The industry spent the last eighteen months obsessed with “agent scaffolding”—a bloated, fragile architecture of custom-built, domain-specific wrappers that attempted to force-fit LLMs into specialized roles. It was a mistake. We were treating models like bespoke monoliths, building a new “agent” every time we needed a slightly different output.
The pivot is now clear: we are moving away from model-first intelligence toward a “code-as-interface” paradigm. The goal isn’t to build a better agent; it’s to build a better runtime.
The Death of the Bespoke Agent
The previous approach was fundamentally flawed because it ignored the difference between raw intelligence and domain expertise. You don’t want a “300 IQ mathematical genius” hallucinating tax law; you want a professional who follows a consistent, verified procedure.
Current agents are brilliant but lack institutional memory. They are stateless entities that struggle to absorb context. By shifting to “Agent Skills”—essentially organized folders of files, scripts, and markdown—we move the burden of expertise from the model’s weights to the file system.
This is the “code-as-interface” shift. Instead of baking logic into a prompt or a complex orchestration layer, we package procedural knowledge into standard, version-controlled directories. If an agent needs to style a slide deck or perform bioinformatics analysis, it doesn’t need to be “re-trained” or “re-prompted.” It simply pulls the relevant skill from the file system.

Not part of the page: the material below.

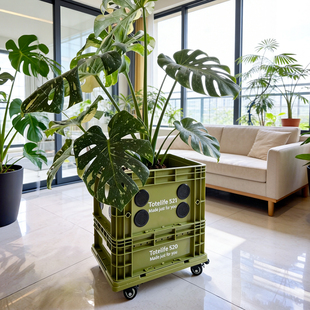 ins大容量可移动龟背竹周转箱花盆攀爬架网红水苔柱绿植花卉花盆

Why Files Are the Ultimate Primitive
The decision to use folders and files as the primary primitive for agent skills is a masterclass in developer experience (DX). It sidesteps the “cold start” problem inherent in traditional tool-calling.
- Self-Documentation: Scripts inside a skill folder are readable by both the model and the human. If a tool is ambiguous, the model can modify the code itself.
- Context Management: By using progressive disclosure, the model only sees the metadata (
skill.md) at runtime. It pulls the heavy logic only when necessary, keeping the context window clean and the token costs predictable. - Interoperability: Because skills are just files, they are compatible with existing workflows. You can Git-version them, zip them, or share them via standard enterprise storage.
This architecture effectively separates concerns: the Model acts as the processor, the Agent Runtime acts as the OS, and Skills act as the applications.
The Future: Continuous Learning via Procedural Memory
The most cynical take on AI agents has always been their inability to learn. Every session feels like a reset. Skills change this by providing a tangible, persistent memory layer.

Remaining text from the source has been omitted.